SOURCE INFORMATION:
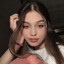 Angelyssa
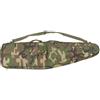 MFH Valigetta per pistola lunga Paintball, terraferma,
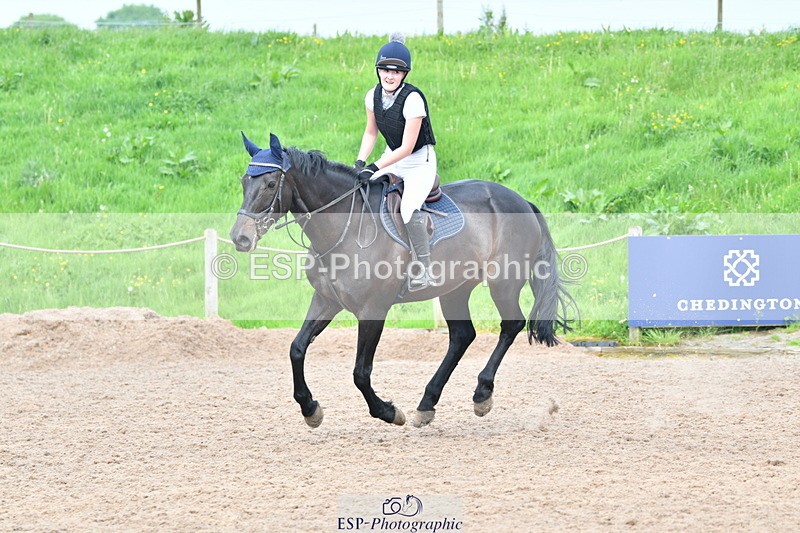 240518A-162614-02265 - Cls 7+8, 90cm and 1m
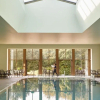 Отель The Lodge at Ashford Castle, фото 4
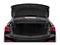 2020 Acura TLX 3.5L FWD w/Technology/A-Spec Pkg Red Leather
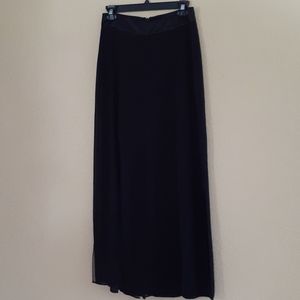 Cach'e classy sexy event slacks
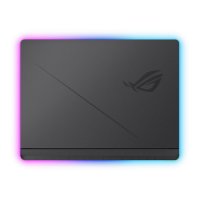Laptop ASUS ROG Strix G615LM-TS265W / Core Ultra 9 290HX, 16GB, 1TB SSD, GeForce RTX 5060 8GB, 16" 2.5K, Windows 11 Home, crni
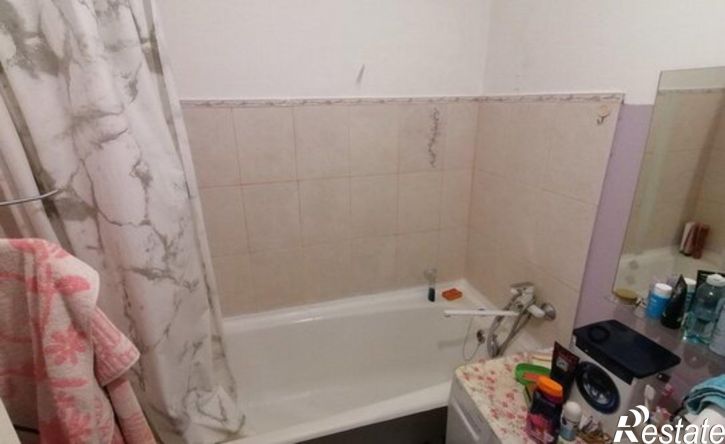 3-комн квартира ул Труда, 43,  д. 43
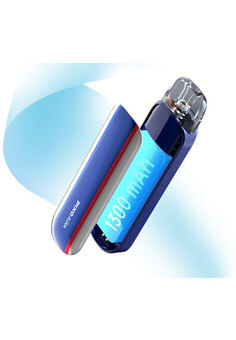 Aspire Pixo Aura Pod Kit
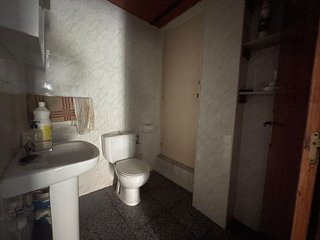 Local comercial en venta en Arroyo de la Luz
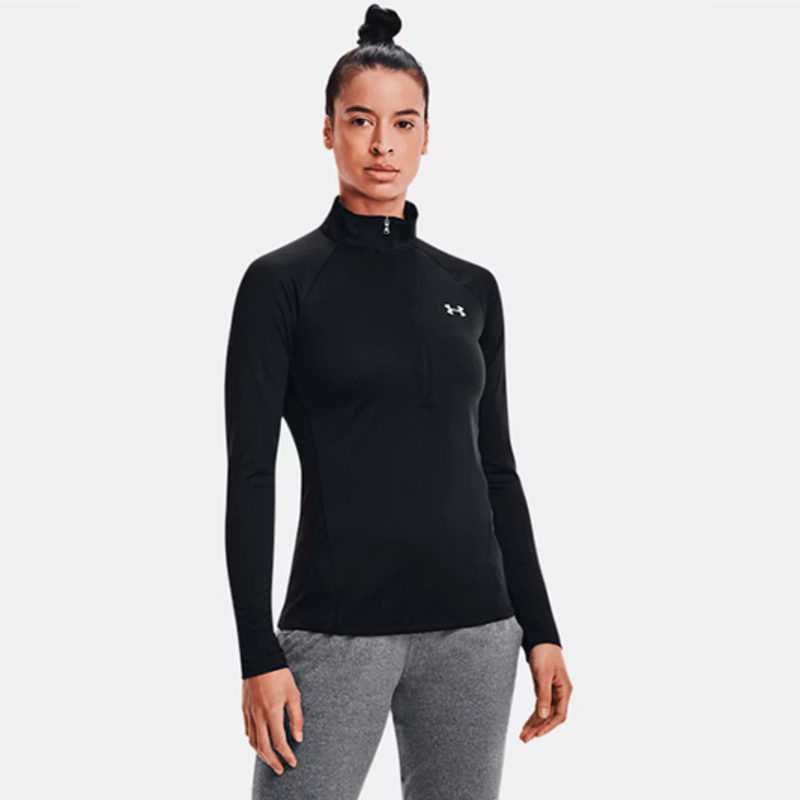 under-armour-tech-1-2-zip-negra-1320126-001-1.png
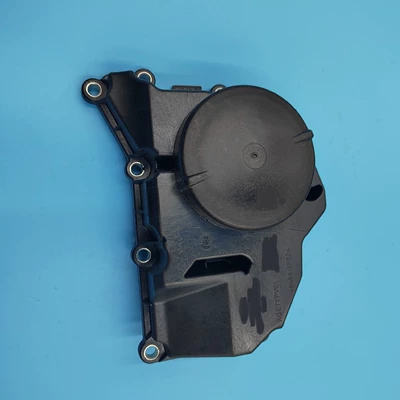Ea211 Jetta Lavida Engine assembly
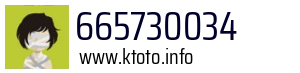 665730034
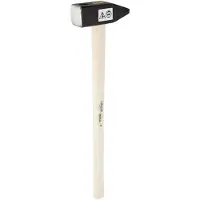 Ruthe Leka  3030015119; 600 mm; 3000 g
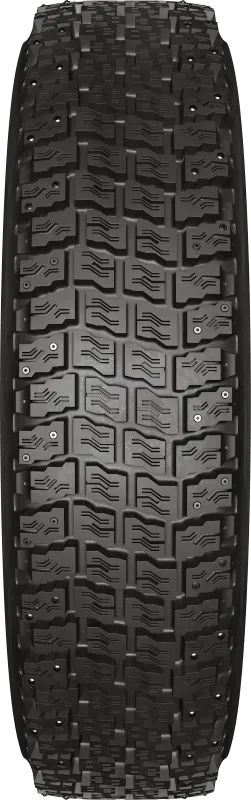 KAMA И-511 в Иланском — KAMA TYRES KAMA И-511 в Иланском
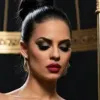 مولد الصور الإباحية بالذكاء الاصطناعي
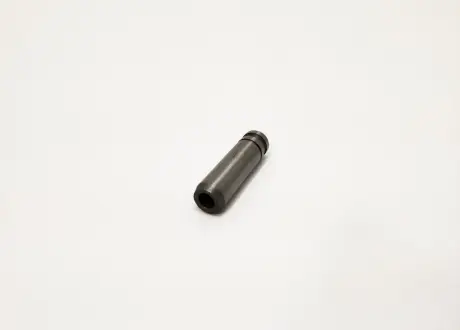 Напрямна клапана Geely KLM KLM AutoParts E010500703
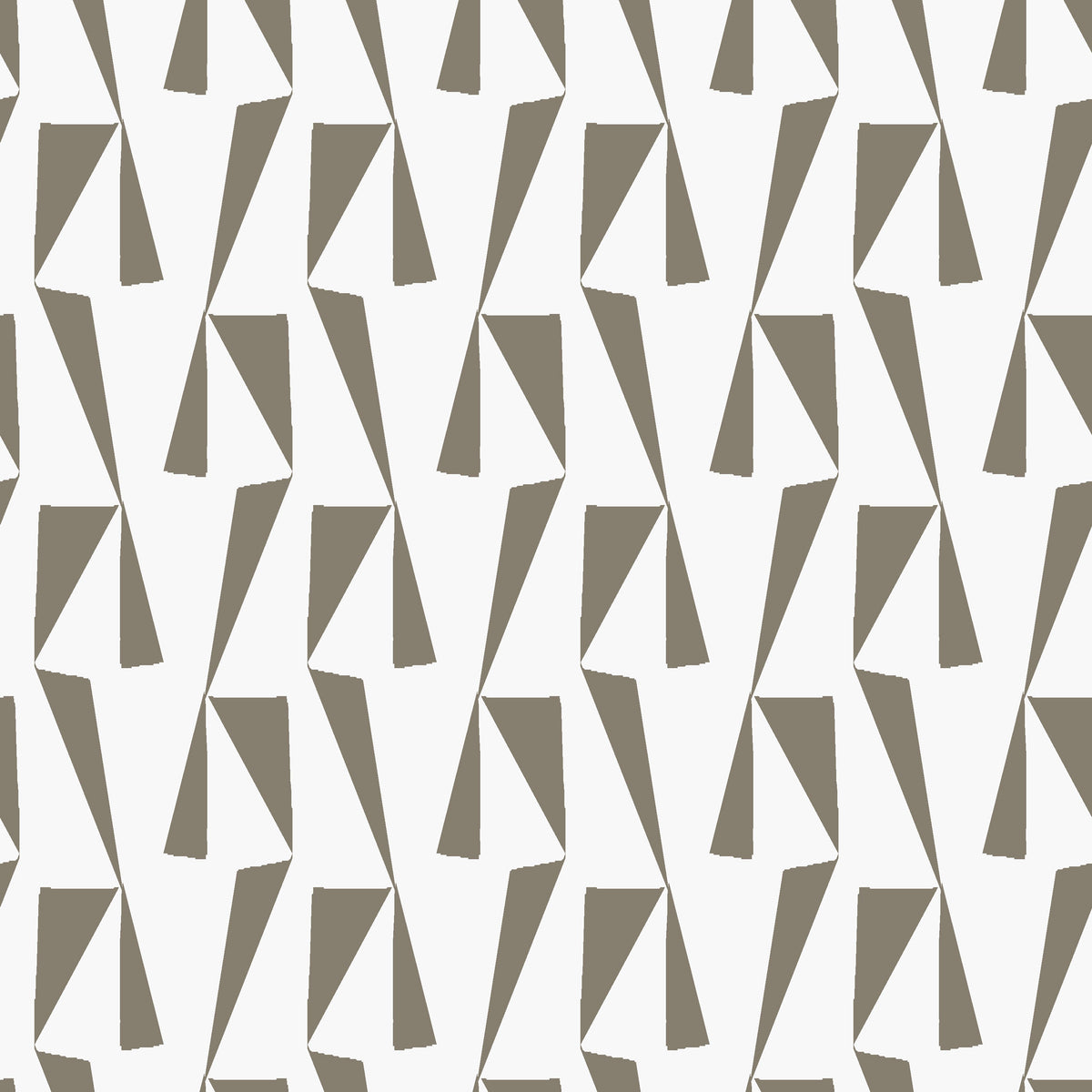 Huki - Taupe Inverse
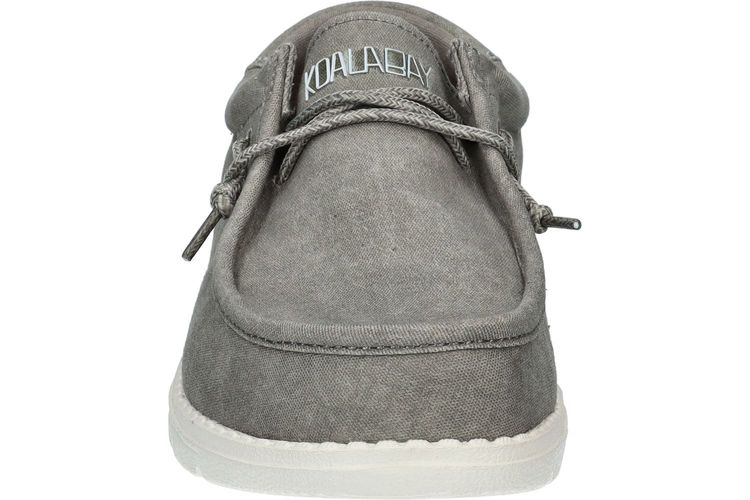 KOALA BAY-STONEHENGE1-GRIS-HOMMES-0002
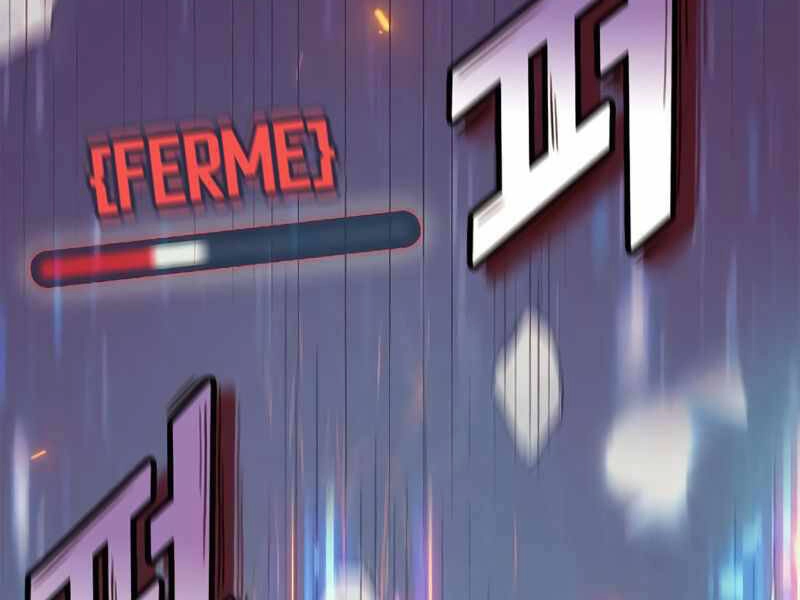 Tu Sĩ Trị Liệu Thái Dương Chapter 23.5 - 132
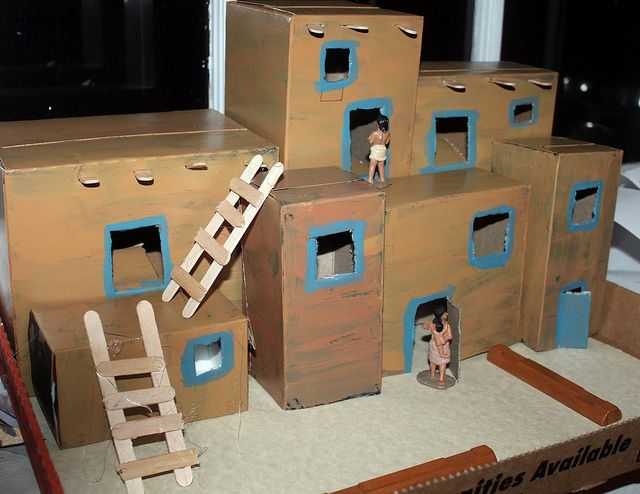 Education Mafia - Wastage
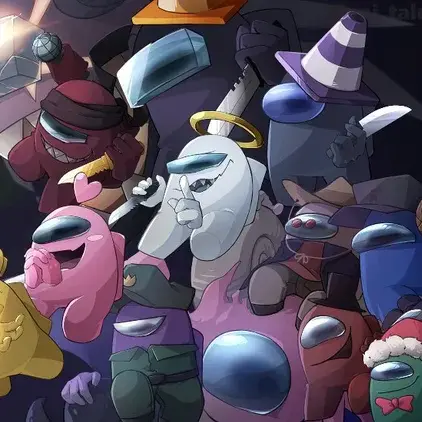 Salmon_Muk의 우리들의 이야기는 지금부터니까.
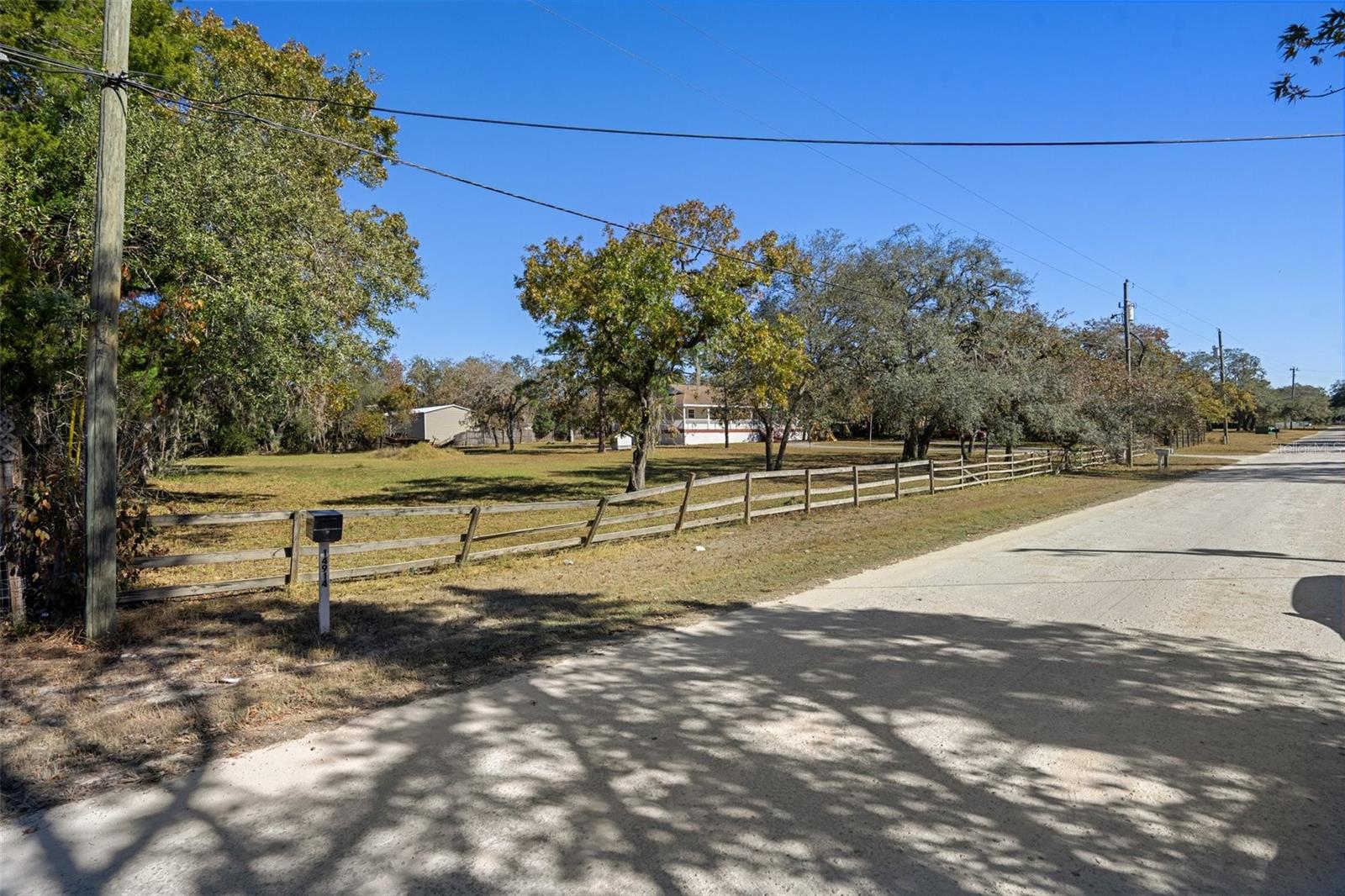 14925 GLENROCK RD, SPRING HILL, FL, 34610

PROBLEM STATEMENT:
Please repeat, with no pictures, each line from the start of the records above through the line with "600 mm; 3000 g", inclusive, and only those.

SOLUTION TO THIS PROBLEM:
 Angelyssa
 MFH Valigetta per pistola lunga Paintball, terraferma,
 240518A-162614-02265 - Cls 7+8, 90cm and 1m
 Отель The Lodge at Ashford Castle, фото 4
 2020 Acura TLX 3.5L FWD w/Technology/A-Spec Pkg Red Leather
 Cach'e classy sexy event slacks
Laptop ASUS ROG Strix G615LM-TS265W / Core Ultra 9 290HX, 16GB, 1TB SSD, GeForce RTX 5060 8GB, 16" 2.5K, Windows 11 Home, crni
 3-комн квартира ул Труда, 43,  д. 43
 Aspire Pixo Aura Pod Kit
 Local comercial en venta en Arroyo de la Luz
 under-armour-tech-1-2-zip-negra-1320126-001-1.png
Ea211 Jetta Lavida Engine assembly
 665730034
 Ruthe Leka  3030015119; 600 mm; 3000 g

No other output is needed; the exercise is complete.